Non-Invasive Options for Refractory Symptoms
Some patients are not good candidates for either stenting or bypass surgery, whether because of anatomy, other health conditions, or prior procedures that limit what can be done. For these patients, a treatment called enhanced external counterpulsation (EECP) offers a completely non-invasive approach. Approved by the FDA in 1995, EECP uses inflatable cuffs wrapped around the legs that squeeze in rhythm with the heartbeat, pushing blood back toward the heart during the resting phase between beats. This encourages the growth of small collateral blood vessels that naturally bypass the blockage over time. Treatment typically involves 35 one-hour sessions over several weeks, done entirely as an outpatient.
What the Failure Rate Means for You
A failed stent attempt does not mean nothing can be done. The 5.4% failure rate reported in large studies reflects initial attempts. Many of those patients go on to have successful repeat procedures with specialized tools, planned bypass surgery, or effective symptom control with medications. The critical factor is what happens next.

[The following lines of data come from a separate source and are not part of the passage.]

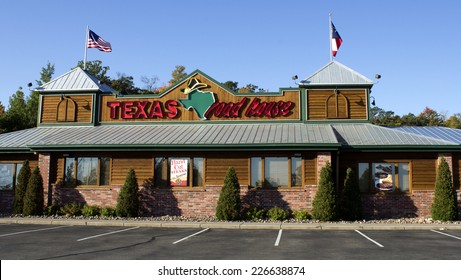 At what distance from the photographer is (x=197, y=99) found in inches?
1010

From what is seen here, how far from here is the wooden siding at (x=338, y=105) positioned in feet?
80.7

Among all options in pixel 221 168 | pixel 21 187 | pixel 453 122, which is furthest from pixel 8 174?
pixel 453 122

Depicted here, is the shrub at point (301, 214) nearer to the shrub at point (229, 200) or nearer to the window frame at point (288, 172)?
the window frame at point (288, 172)

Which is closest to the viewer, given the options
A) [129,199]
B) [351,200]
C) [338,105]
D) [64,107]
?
[351,200]

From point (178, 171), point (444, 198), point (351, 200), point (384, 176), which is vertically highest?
point (178, 171)

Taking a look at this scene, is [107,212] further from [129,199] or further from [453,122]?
[453,122]

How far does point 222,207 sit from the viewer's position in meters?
20.1

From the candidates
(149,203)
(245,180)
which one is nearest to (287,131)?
(245,180)

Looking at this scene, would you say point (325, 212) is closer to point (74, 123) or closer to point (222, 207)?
point (222, 207)

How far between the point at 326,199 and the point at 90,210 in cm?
1187

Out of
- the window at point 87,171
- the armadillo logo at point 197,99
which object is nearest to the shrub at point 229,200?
the armadillo logo at point 197,99

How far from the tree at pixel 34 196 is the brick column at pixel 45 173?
21.9 inches

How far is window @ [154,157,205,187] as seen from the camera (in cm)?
2205

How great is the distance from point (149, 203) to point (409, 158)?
13.5m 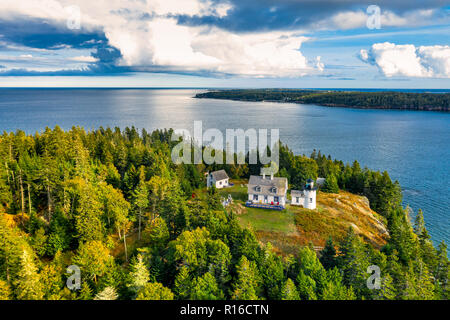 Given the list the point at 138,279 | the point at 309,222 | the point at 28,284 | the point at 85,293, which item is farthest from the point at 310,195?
the point at 28,284

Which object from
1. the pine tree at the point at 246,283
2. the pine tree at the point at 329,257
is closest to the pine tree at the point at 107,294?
the pine tree at the point at 246,283

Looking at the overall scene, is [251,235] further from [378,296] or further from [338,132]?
[338,132]

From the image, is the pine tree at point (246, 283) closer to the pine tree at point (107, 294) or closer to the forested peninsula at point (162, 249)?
the forested peninsula at point (162, 249)

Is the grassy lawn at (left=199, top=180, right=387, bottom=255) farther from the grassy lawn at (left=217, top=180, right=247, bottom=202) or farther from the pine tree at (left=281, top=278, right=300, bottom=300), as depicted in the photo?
the pine tree at (left=281, top=278, right=300, bottom=300)

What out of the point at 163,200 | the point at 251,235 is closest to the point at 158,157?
the point at 163,200

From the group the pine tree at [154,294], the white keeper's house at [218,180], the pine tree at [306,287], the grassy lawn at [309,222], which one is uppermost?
the white keeper's house at [218,180]

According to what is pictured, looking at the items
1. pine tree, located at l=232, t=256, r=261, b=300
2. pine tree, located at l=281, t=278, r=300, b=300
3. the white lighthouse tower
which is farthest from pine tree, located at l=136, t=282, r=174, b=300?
the white lighthouse tower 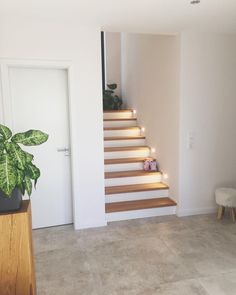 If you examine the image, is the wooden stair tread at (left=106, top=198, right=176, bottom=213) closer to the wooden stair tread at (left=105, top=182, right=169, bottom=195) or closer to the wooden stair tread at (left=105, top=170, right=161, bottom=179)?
the wooden stair tread at (left=105, top=182, right=169, bottom=195)

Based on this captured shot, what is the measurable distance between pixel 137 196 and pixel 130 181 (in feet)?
0.95

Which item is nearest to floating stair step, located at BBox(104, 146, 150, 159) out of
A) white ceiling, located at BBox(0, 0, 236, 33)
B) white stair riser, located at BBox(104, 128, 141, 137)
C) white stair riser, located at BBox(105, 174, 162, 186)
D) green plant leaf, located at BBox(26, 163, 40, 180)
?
white stair riser, located at BBox(104, 128, 141, 137)

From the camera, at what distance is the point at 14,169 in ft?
5.23

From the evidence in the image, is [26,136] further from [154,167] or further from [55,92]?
[154,167]

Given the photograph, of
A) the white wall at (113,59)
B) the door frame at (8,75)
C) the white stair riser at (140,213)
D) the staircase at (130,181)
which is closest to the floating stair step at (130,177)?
the staircase at (130,181)

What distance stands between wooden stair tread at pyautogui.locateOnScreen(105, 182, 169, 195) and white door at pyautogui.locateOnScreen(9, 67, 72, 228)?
0.65 meters

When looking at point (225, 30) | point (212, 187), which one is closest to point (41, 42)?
point (225, 30)

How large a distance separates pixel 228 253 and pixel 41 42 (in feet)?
10.1

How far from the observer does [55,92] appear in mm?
3459

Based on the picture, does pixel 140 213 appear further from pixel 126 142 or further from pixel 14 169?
pixel 14 169

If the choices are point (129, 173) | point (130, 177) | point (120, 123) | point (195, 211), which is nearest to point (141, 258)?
point (195, 211)

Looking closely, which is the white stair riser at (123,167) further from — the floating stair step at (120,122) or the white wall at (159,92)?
the floating stair step at (120,122)

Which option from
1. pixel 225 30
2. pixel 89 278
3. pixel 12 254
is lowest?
pixel 89 278

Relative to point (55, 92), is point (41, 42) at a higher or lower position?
higher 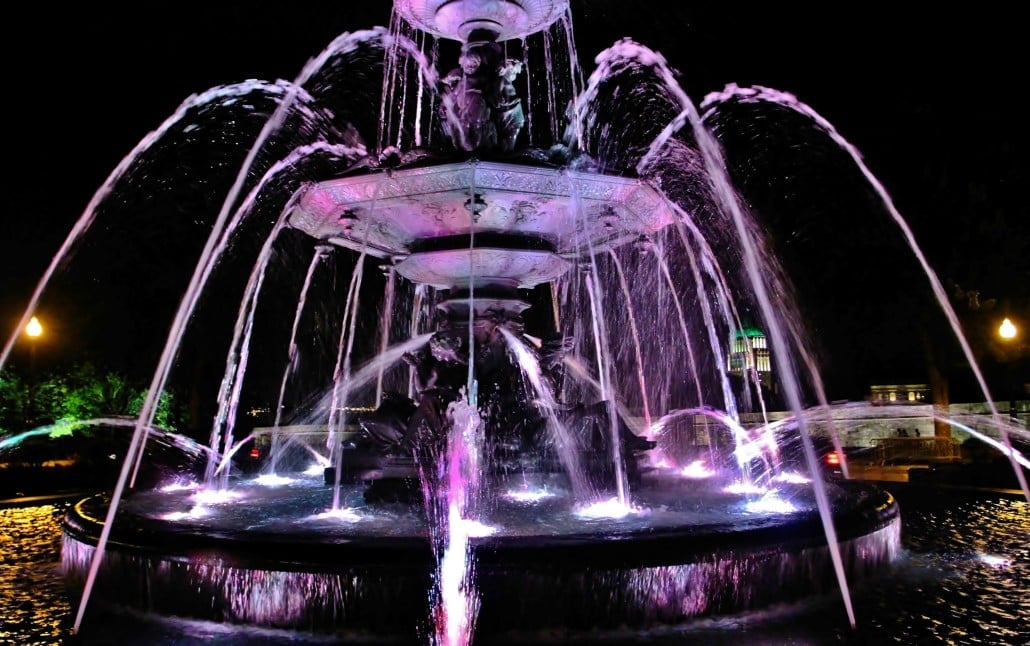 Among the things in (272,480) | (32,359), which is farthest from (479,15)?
(32,359)

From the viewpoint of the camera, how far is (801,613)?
6129 millimetres

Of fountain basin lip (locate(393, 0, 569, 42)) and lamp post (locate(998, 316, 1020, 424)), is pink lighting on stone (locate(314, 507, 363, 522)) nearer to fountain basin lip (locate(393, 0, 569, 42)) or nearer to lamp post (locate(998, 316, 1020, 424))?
fountain basin lip (locate(393, 0, 569, 42))

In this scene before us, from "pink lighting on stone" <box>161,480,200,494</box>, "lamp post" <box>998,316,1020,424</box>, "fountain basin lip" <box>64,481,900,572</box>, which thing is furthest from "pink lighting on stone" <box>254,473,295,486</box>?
"lamp post" <box>998,316,1020,424</box>

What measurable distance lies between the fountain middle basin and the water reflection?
4.9 inches

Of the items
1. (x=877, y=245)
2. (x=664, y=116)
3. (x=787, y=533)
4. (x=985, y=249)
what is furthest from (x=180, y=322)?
(x=985, y=249)

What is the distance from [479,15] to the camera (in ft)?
35.1

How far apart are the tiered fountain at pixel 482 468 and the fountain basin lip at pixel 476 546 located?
0.06 ft

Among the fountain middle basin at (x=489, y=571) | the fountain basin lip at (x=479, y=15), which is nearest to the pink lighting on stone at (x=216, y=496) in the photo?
the fountain middle basin at (x=489, y=571)

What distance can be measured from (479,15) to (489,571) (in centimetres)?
762

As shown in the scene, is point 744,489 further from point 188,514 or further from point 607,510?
point 188,514

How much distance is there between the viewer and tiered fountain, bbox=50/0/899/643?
5.71 metres

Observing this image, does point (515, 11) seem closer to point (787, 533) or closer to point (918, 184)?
point (787, 533)

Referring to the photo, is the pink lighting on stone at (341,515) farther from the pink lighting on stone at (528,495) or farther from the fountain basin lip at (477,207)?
the fountain basin lip at (477,207)

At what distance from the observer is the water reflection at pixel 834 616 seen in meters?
5.57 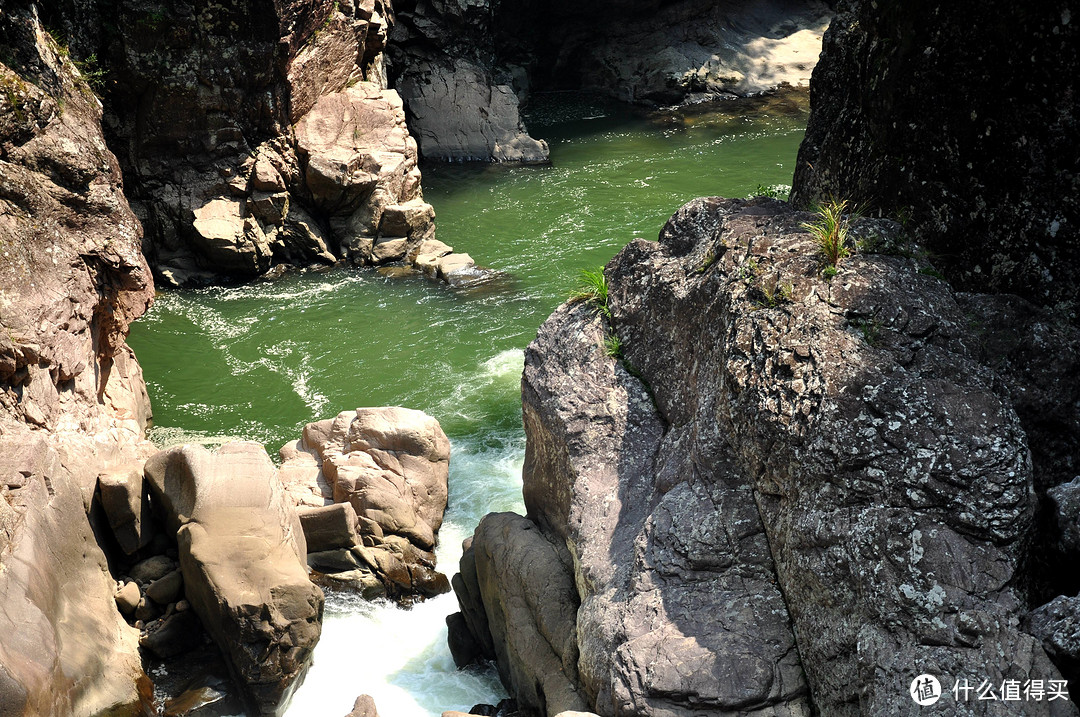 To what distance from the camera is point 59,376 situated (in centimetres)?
955

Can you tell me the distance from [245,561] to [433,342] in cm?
701

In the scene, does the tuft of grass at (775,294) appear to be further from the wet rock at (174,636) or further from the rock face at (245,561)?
the wet rock at (174,636)

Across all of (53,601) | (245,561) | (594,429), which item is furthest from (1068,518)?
(53,601)

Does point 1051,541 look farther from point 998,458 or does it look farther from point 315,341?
point 315,341

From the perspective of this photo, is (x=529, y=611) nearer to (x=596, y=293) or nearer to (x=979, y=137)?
(x=596, y=293)

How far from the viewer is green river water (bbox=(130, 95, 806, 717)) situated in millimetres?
8898

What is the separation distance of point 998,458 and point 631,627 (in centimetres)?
237

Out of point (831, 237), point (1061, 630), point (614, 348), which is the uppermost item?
point (831, 237)

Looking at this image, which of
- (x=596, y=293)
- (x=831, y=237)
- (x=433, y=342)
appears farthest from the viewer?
(x=433, y=342)

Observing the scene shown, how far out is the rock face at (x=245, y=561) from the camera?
313 inches

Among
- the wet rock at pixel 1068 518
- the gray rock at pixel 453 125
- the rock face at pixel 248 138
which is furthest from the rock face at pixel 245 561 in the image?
the gray rock at pixel 453 125

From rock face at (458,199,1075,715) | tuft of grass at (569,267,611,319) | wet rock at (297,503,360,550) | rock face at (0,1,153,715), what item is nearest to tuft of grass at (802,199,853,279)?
rock face at (458,199,1075,715)

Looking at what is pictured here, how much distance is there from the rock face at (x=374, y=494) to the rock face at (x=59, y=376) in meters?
1.97

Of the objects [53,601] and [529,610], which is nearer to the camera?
[529,610] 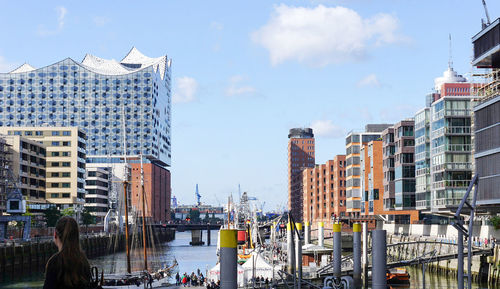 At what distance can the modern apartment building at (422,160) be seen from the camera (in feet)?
370

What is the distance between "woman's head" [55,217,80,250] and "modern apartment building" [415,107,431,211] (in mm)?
107453

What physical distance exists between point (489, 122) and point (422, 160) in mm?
50269

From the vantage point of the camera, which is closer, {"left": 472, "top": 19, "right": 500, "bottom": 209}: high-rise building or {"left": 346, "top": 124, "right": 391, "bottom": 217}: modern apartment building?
{"left": 472, "top": 19, "right": 500, "bottom": 209}: high-rise building

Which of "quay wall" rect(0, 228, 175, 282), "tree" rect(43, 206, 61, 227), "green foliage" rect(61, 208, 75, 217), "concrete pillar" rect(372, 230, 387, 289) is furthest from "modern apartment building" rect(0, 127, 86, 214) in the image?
"concrete pillar" rect(372, 230, 387, 289)

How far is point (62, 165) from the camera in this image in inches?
7564

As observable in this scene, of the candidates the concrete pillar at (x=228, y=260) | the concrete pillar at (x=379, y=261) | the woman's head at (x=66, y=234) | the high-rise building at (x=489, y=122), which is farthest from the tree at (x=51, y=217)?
the woman's head at (x=66, y=234)

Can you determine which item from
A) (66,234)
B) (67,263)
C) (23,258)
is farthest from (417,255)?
(67,263)

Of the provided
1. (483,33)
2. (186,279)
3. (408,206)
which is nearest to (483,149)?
(483,33)

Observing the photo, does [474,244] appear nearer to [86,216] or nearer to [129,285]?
[129,285]

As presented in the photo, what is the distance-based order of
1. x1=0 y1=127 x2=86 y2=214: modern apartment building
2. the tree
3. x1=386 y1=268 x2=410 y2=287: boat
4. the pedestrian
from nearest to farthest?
1. the pedestrian
2. x1=386 y1=268 x2=410 y2=287: boat
3. the tree
4. x1=0 y1=127 x2=86 y2=214: modern apartment building

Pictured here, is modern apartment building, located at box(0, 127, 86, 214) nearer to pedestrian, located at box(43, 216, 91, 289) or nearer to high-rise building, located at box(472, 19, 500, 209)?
high-rise building, located at box(472, 19, 500, 209)

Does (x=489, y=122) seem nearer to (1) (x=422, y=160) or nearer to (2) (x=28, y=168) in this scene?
(1) (x=422, y=160)

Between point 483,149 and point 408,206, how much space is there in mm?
62435

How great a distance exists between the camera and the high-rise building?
210 ft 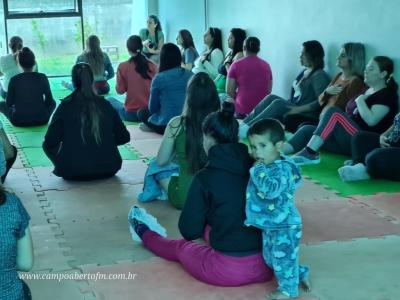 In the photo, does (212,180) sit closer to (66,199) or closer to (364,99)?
(66,199)

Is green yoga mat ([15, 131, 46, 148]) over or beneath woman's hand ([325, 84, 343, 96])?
beneath

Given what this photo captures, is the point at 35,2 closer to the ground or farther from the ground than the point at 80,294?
farther from the ground

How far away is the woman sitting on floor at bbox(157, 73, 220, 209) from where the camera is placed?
13.6 feet

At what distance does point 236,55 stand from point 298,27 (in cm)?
120

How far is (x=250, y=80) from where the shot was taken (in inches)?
309

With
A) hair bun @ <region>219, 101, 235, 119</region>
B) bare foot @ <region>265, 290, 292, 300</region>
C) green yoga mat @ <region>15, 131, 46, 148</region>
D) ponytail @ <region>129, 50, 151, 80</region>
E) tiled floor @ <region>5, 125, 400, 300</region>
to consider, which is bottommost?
green yoga mat @ <region>15, 131, 46, 148</region>

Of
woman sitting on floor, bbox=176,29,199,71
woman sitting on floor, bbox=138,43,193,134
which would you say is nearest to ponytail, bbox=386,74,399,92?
woman sitting on floor, bbox=138,43,193,134

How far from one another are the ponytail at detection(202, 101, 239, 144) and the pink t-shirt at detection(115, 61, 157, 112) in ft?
15.5

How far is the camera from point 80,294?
322cm

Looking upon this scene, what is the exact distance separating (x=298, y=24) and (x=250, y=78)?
0.83 meters

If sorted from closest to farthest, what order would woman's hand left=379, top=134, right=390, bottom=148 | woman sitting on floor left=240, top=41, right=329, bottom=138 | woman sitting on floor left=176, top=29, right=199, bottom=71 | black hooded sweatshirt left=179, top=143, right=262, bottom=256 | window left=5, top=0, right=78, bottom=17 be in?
1. black hooded sweatshirt left=179, top=143, right=262, bottom=256
2. woman's hand left=379, top=134, right=390, bottom=148
3. woman sitting on floor left=240, top=41, right=329, bottom=138
4. woman sitting on floor left=176, top=29, right=199, bottom=71
5. window left=5, top=0, right=78, bottom=17

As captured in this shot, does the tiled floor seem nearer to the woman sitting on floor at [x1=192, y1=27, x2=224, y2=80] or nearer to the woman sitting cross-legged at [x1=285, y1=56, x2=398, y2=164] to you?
the woman sitting cross-legged at [x1=285, y1=56, x2=398, y2=164]

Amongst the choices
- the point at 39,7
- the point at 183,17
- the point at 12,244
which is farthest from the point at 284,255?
the point at 39,7

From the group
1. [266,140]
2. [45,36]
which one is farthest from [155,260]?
[45,36] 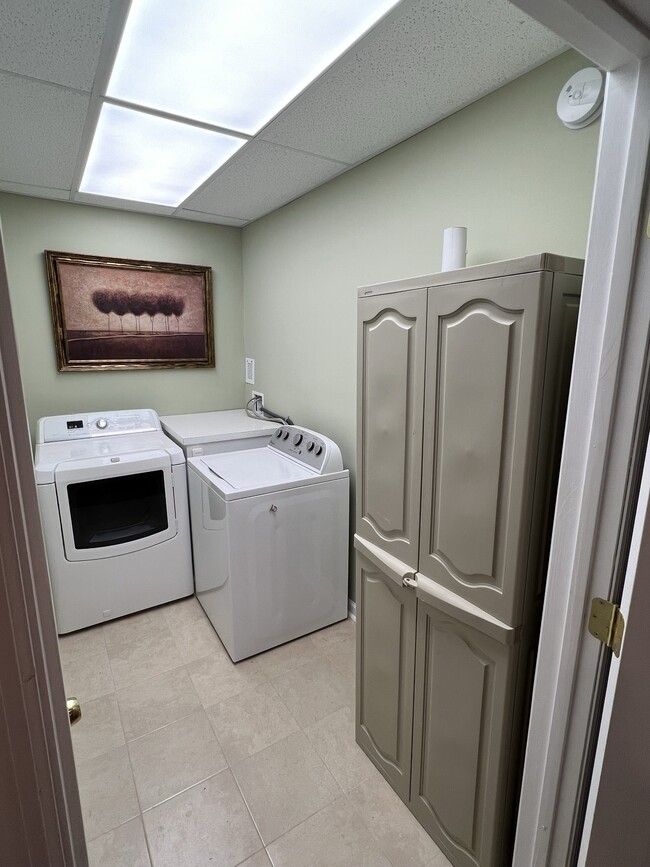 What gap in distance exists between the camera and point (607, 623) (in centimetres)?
84

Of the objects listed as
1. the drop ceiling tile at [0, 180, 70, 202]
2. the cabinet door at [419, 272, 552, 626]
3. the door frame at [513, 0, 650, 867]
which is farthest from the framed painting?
the door frame at [513, 0, 650, 867]

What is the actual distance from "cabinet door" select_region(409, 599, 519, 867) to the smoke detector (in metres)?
1.45

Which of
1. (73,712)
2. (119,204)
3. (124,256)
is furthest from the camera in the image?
(124,256)

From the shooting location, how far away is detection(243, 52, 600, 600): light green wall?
138cm

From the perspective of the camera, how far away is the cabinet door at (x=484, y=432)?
1.00 m

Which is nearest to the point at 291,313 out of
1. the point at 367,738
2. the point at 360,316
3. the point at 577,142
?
the point at 360,316

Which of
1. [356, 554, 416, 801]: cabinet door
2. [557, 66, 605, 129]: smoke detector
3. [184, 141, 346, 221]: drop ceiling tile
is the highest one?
[184, 141, 346, 221]: drop ceiling tile

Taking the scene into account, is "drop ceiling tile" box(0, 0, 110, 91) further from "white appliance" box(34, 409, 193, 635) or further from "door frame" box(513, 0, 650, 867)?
"white appliance" box(34, 409, 193, 635)

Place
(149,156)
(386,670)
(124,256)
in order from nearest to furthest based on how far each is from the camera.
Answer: (386,670), (149,156), (124,256)

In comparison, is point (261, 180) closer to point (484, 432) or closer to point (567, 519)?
point (484, 432)

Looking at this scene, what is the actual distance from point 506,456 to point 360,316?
679 mm

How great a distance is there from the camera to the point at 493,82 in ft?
4.79

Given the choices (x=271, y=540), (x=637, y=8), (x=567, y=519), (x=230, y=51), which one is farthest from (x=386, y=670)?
(x=230, y=51)

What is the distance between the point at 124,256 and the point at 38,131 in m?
1.13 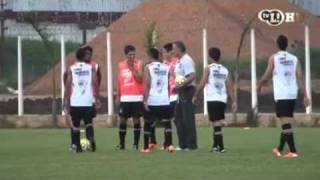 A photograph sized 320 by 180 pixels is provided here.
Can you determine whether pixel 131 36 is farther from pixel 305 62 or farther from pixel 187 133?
pixel 187 133

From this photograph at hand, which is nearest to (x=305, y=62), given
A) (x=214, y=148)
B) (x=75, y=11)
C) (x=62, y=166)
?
(x=214, y=148)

Patients who had a repeat catheter-based procedure after an initial failure had a 0% 30-day mortality rate in one series, compared with 16% for those managed conservatively and 27% for those needing emergency surgery.
If your cardiologist tells you a stent could not be placed, the conversation should focus on why it failed, whether a second attempt with different tools is realistic, and whether bypass surgery or optimized medication is the better path forward. The answer varies enormously depending on which artery is involved, how much calcium is present, how many vessels are affected, and your overall health.